BRP General Emilio Aguinaldo was the lead ship of the General Emilio Aguinaldo-class patrol vessel of the Philippine Navy. This ship, along with her only sistership , were one of the last that were made in the Cavite Naval Ship Yard. The original plan called for 6 General Emilio Aguinaldo class vessels to be built, but this number was not reached.

The ship was decommissioned sometime in mid-2016 as its hull was found to be in poor shape and deteriorated faster than expected.

==Technical details==
The ship's basic hull design was based on the Japanese-designed Tirad Pass SAR vessel, and the superstructure was adopted from the German-designed Kagitingan class. The class's design was found to be overloaded and underpowered and due to this, there were no more plans to build all the ships originally planned.

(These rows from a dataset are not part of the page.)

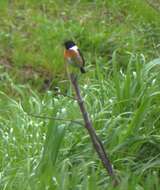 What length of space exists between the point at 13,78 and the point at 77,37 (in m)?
0.97

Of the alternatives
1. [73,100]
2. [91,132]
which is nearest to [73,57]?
[91,132]

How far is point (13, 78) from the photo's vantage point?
22.1 ft

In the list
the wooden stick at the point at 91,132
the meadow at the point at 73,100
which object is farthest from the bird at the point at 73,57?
the meadow at the point at 73,100

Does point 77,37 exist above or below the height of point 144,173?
above

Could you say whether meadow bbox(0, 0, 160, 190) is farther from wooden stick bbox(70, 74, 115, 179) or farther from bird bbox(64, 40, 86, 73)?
bird bbox(64, 40, 86, 73)

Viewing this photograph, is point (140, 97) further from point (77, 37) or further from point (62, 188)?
point (77, 37)

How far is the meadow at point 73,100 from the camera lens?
4.44 metres

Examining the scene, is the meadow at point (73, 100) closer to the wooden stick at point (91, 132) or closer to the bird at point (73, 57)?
the wooden stick at point (91, 132)

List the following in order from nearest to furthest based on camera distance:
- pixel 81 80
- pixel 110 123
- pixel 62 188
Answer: pixel 62 188, pixel 110 123, pixel 81 80

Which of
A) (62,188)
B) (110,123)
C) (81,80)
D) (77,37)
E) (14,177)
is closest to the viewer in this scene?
(62,188)

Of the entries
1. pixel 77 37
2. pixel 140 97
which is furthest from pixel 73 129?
pixel 77 37

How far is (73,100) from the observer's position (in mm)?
5414

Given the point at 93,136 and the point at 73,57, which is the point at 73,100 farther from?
the point at 73,57

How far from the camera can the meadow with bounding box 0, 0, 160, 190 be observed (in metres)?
4.44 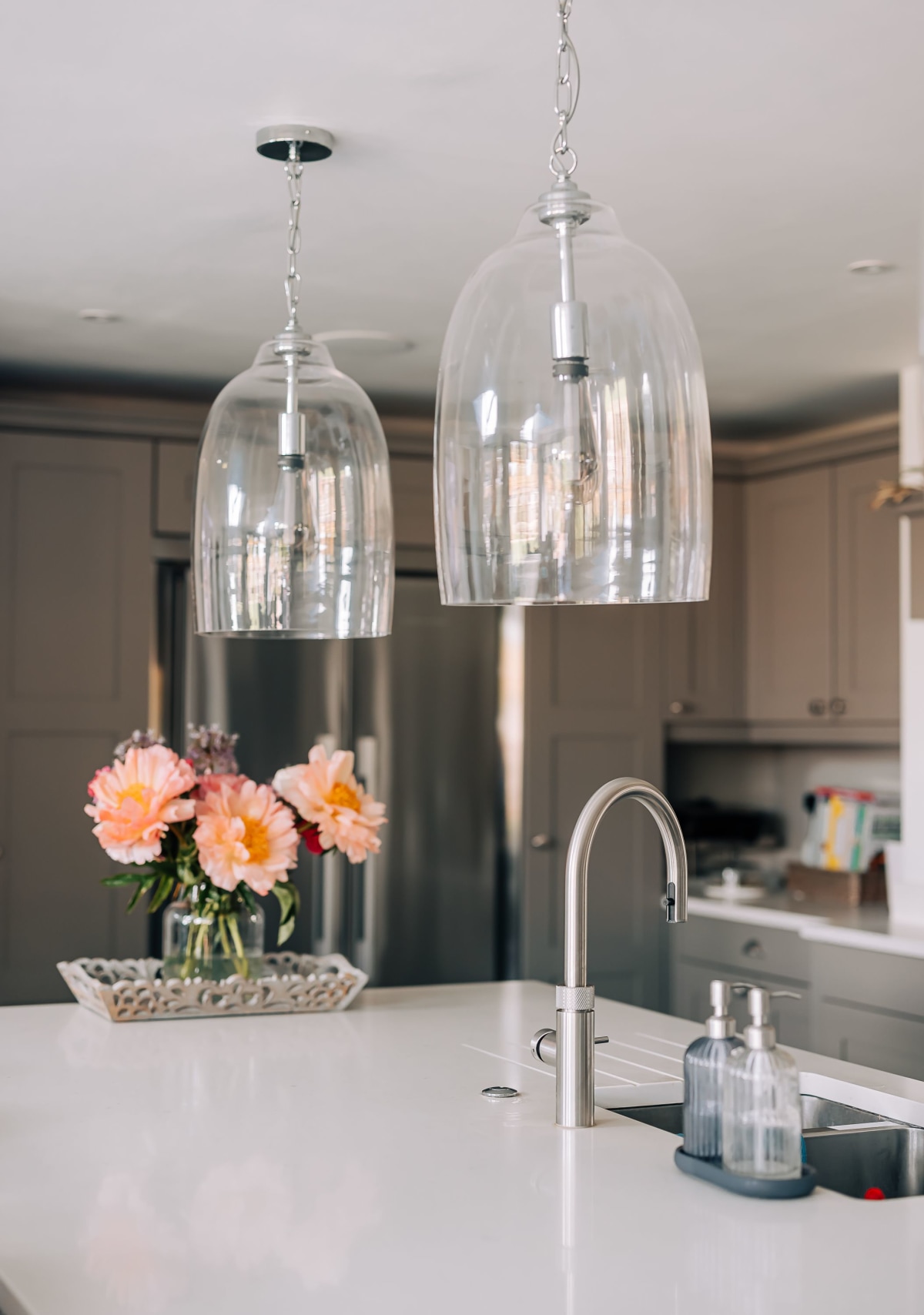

The present weapon systems of the ship are composed of manually operated gun platforms, some guns which are from World War II origin. They are composed of two Mk.3 Bofors 40 mm 60-cal single-mount guns acting as the ship's primary weapon, together with two 20 mm Oerlikon single-mount anti-aircraft guns and four 12.7 mm general purpose machine guns.

The ship is powered by four GM Detroit Diesel 12V92 TA diesel engines with a combined power of around 2800 bhp driving four propellers. The main engines can propel the 279-ton (full load) ship at a maximum speed of around 25 kn. It has a maximum range of 1100 nmi at a speed of 18 kn.